South Koreans’ longing for change had been expressed through the now-famous candlelight demonstrations that lasted for almost twenty consecutive weekends culminating in the impeachment of now former president Park Geun-hye. It was also reflected in the highest voter turnout in two decades, at 77.2 percent.

Just hours after his decisive victory, Moon began his five-year term without the usual practice of a transition team. Moreover, he took office during turbulent times — domestically and internationally — perhaps even more so than when former president Kim Dae-jung took office in 1998 when the nation was struggling with the Asian financial crisis.

First and foremost, Moon must deal with the mounting social and economic challenges that the country is facing. Having entered a period of low-growth coupled with an aging population, the economy confronts a host of difficult issues, including high levels of youth unemployment, income inequality, household debt, elderly poverty and rising social welfare expenditures.

The Moon administration immediately established a ‘job creation committee’ and pledged to create 810,000 jobs in the public sector.

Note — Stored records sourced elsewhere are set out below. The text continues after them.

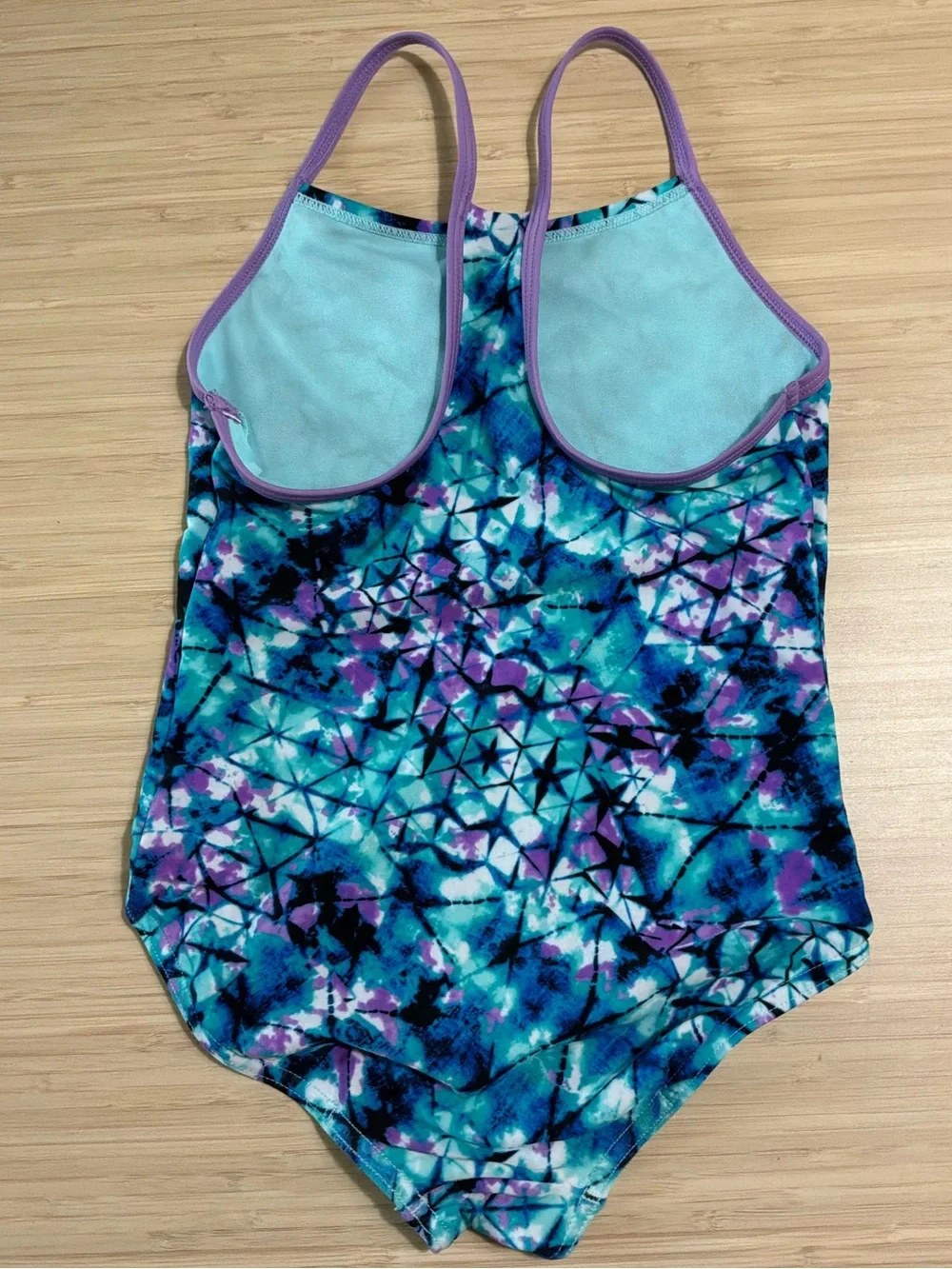 Speedo Girls Tie-dye One-Piece Swimsuit Medium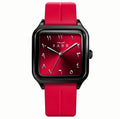 SABR Elegant Red  Watch Square Design with Arabic Numerals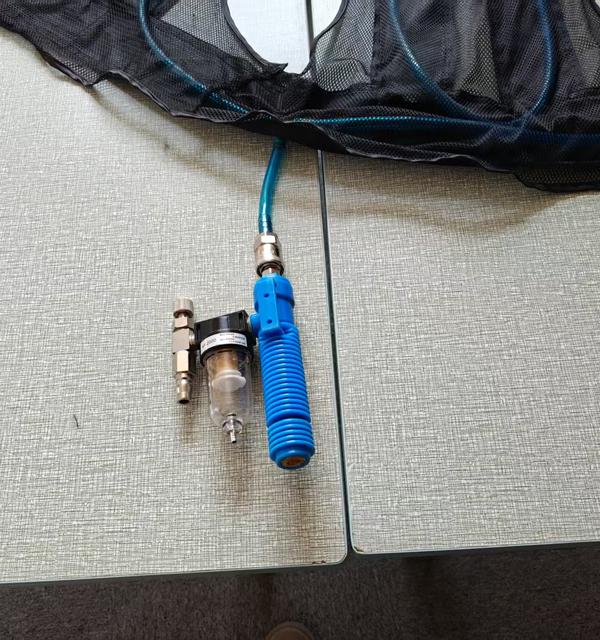 Chaleco de enfriamiento de tubo de vórtice Senjoy con compresor de aire para metalurgia, forja, astilleros, soldadura, calderas de petróleo, fábricas de arenado.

But it will not be easy to amass the financial resources needed by a government already struggling with serious budget deficits. Most agree that ‘economic democratisation’ is needed, but the details of how to achieve that — including reforming the chaebol — remain unclear.

Economic uncertainties have been a key factor contributing to social unrest. Words in vogue among South Koreans in their 20s and 30s reflect the social discontent with youth unemployment and inequality that ultimately erupted in the demonstrations.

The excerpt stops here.